- Theatrical release poster
- Directed by: Jack Hannah
- Written by: Bill Berg Nick George
- Produced by: Walt Disney
- Starring: Clarence Nash James MacDonald
- Music by: Oliver Wallace
- Animation by: Bob Carlson Volus Jones Bill Justice Judge Whitaker George Rowley (effects)
- Layouts by: Yale Gracey
- Backgrounds by: Thelma Witmer
- Color process: Technicolor
- Production company: Walt Disney Productions
- Distributed by: RKO Pictures
- Release date: January 20, 1950;
- Running time: 6:40
- Country: United States
- Language: English

= Lion Around =

1950 Donald Duck cartoon

Lion Around is a 1950 Donald Duck cartoon featuring Donald Duck, his nephews Huey, Dewey, and Louie and Louie the Mountain Lion. The film is the first appearance of Louie the Mountain Lion. In this short, Donald is tricked into thinking he is getting attacked by a cougar.

==Plot==
The cartoon opens with what appears to be one of Donald's three nephews hunting a mountain lion in the forest, which turns out to be the three of them playing and practicing: one is hunting the other two, who are acting in a lion suit. Upon finding Donald's house, they notice that he is baking a pie and decide to use their lion suit to distract him so they can get the pie for themselves. One of the nephews then comes to Donald's house screaming, telling him there is a mountain lion outside. Donald rushes out with his gun but is chased away from the cottage by the two in the lion suit while the other obtains the pie. The disguised nephews follow Donald up a tree, but their disguise gets blown. One of them tries to convince Donald that this was merely a joke, but Donald scolds the nephews and gets his pie back. After telling them to stay out, he goes back to his home to continue baking.

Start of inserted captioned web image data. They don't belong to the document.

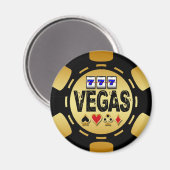 VEGAS GOLD UND SCHWARZ POKER CHIP MAGNET (Vorderseite/Rückseite)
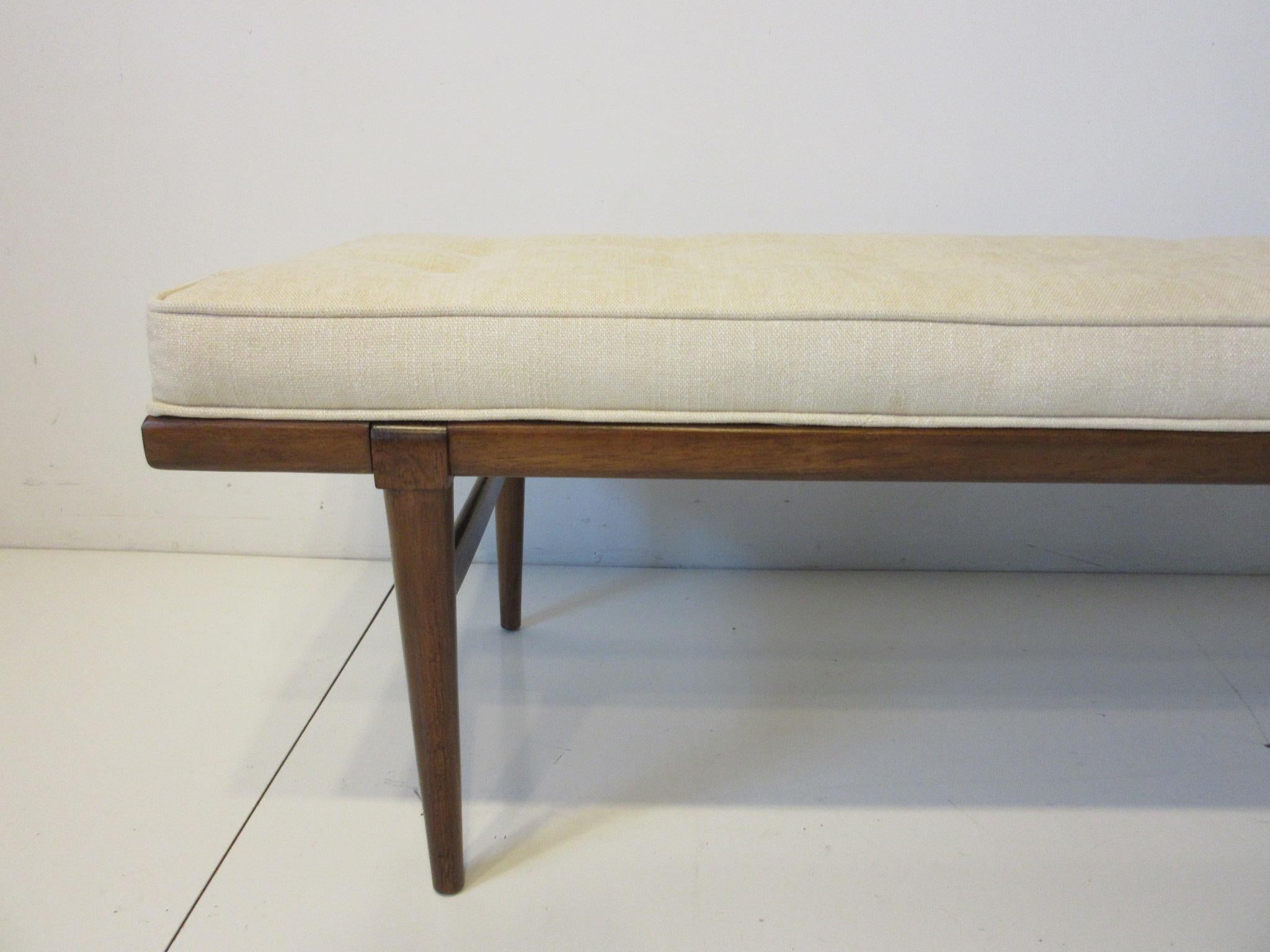 American Mid Century Upholstered Wood Bench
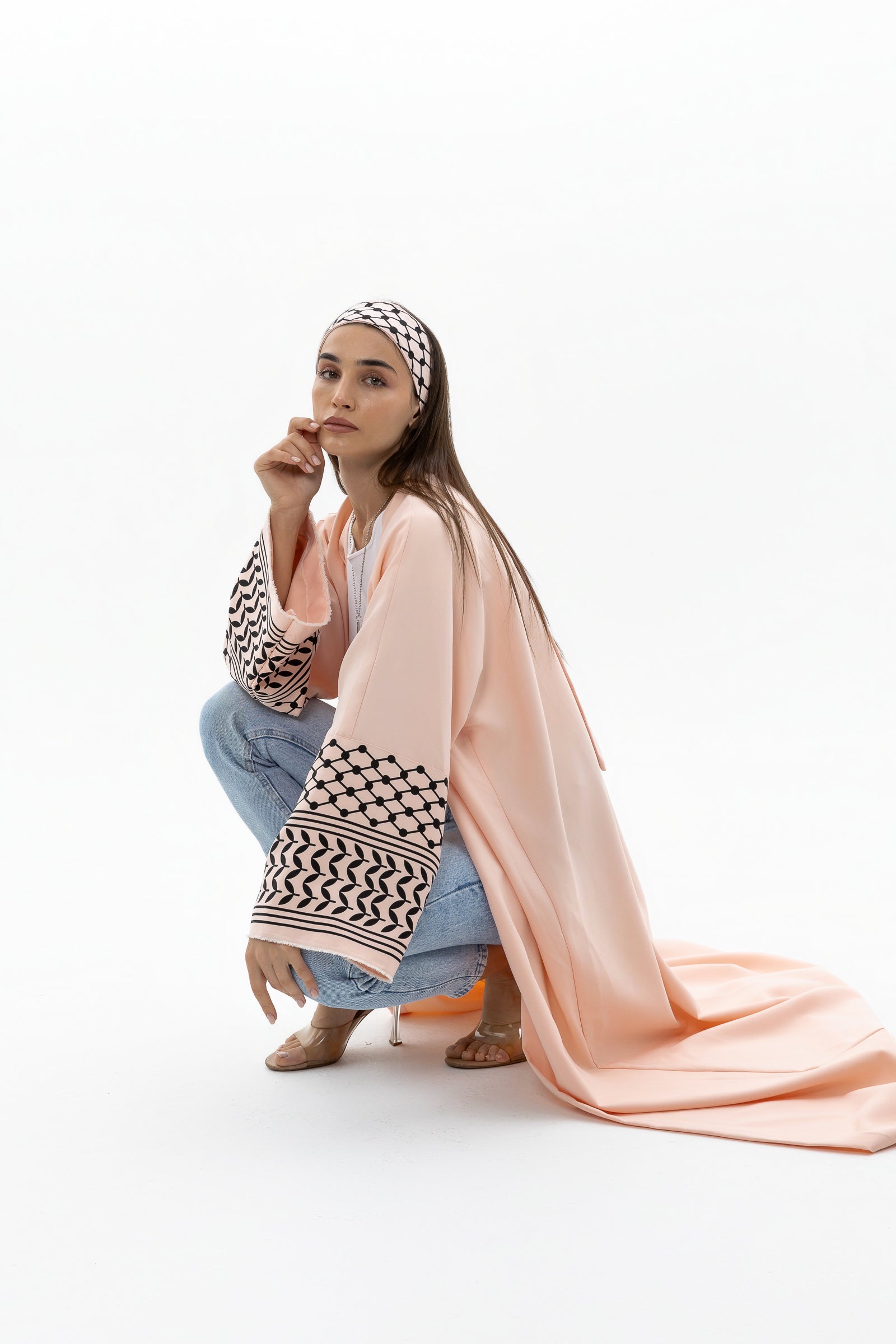 Peach Abaya with Keffiyeh Sleeves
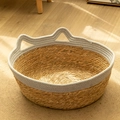 Handwoven straw cat bed with grey cotton rope handles and cute cat ear design features - S / Gray Patchwork Cat Bed (Gray + Straw Basket)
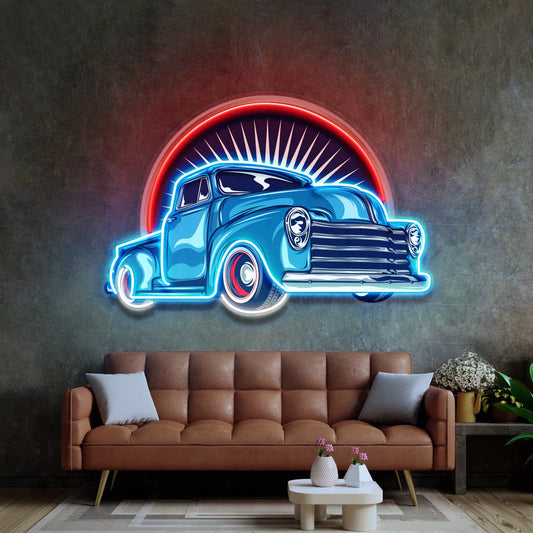 Vintage Pickup Kamyonet Led Neon Gece Lambası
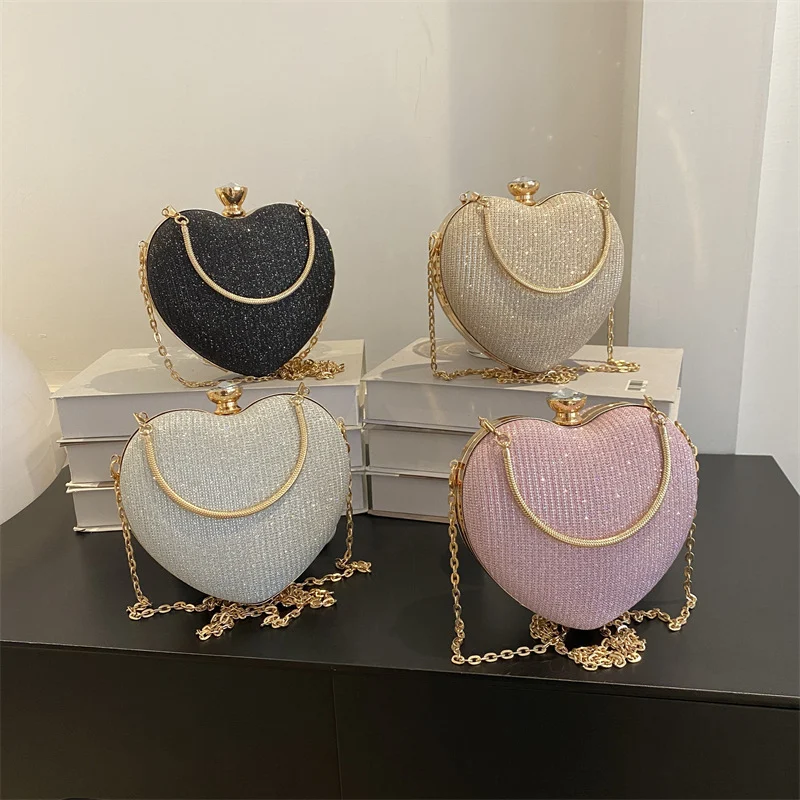 Evening Clutch Bag Women Bag Shiny Handbag Heart Shape - Image 2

While the nephews are lamenting over their failure to accomplish their goal, Louie the Mountain Lion comes along and scares them away. He then turns his attention to Donald, who he views as an easy, tasty meal. He pounces on him, but Donald, thinking it is another trick by the nephews, repeatedly slaps Louie across the face, spanks him on the bottom with his tail, threatens to tear him apart if he saw (them) again and storms back into the house with his pie. Angry and humiliated, Louie tries to attack him from behind but Donald slammed the door in front of him. Louie looks all around for him through the windows of the cottage until he then becomes interested in the pie and eats slice of it before Donald intervenes. Louie then bursts into the house and smashes the door on Donald in retaliation, destroying his pie in the process. Still thinking that Louie is the nephews in disguise, he pulls at the mountain lion's head to try and pull it off. When the nephews show up and show him their lion suit to show it's not them, Donald tells them to shut up and continues pulling at Louie's head and yelling to give. But he soon realizes his mistake when he does a double take and notices the nephews and lion suit are outside and that Louie is a real lion.

Donald tries to apologize to the mountain lion, but Louie is beyond forgiving and gives a loud roar, whose sound waves knock Donald through a door into his hunting trophy room. Donald tries to fool him by posing as a decoy duck, but Louie sees past this. After a wild chase around the house, Louie chases him through the chimney, up to the roof, and into a tree and claws away all the leaves trying to reach Donald. The nephews then give Donald a number of baked pies, which he gives to Louie, who decides not to eat Donald.

==Voice cast==
- Clarence Nash as Donald Duck, Huey, Dewie, Louie
- James MacDonald as Louie the Mountain Lion

==Home media==
The short was released on December 11, 2007, on Walt Disney Treasures: The Chronological Donald, Volume Three: 1947-1950.